How to continuously update the Elasticsearch index

Reading time ~3 minutes

We saw earlier how to create an index containing the posts from the Hacker News who’s hiring thread.

Since during the course of the month new posts (thus new jobs) are added, we want to update the script so that it will add only the new posting without overwriting the ones that are already there.

The first step is again to create query the Hacker News API, to see what posts are currently online, just as before.

thread = 12627852

currents_posts = fetch_hn_data(thread)['kids']

For the definition of fetch_hn_data pleae refer to the previous post or the corresponding GitHub repo. The function is doing what you would expect, with some text cleaning on top.

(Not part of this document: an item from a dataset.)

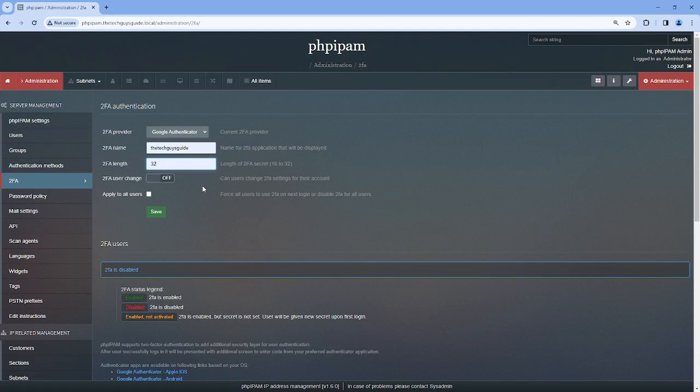So I just leave it at 32. The nice thing is it uses a QR code and I can scan it on my phone and it will just work. Now the next is: do you want to allow users—and I stress users here.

Now we need to figure out what items are already in our index. The first thing that comes to mind, is to do a query that will return every element of the index, i.e.

{
    'query': {
        "match_all" : {}
    }
}

While this would technically work (and for now there would be no difference since we have only indexed the posts from one month), we want to do better.

Each child post has a parent filed, so we can just impose the extra condition in the query

{
    'query': {
        'term': {"parent": thread}
    }
}

Instead of querying the index via the usual search method, we want to use the scroll API, which handles bigger requests better. The python bindings are really easy to use.

query = {
    'query': {
        'term': {"parent": thread}
    }
}

older_posts_gen = helpers.scan(es, query)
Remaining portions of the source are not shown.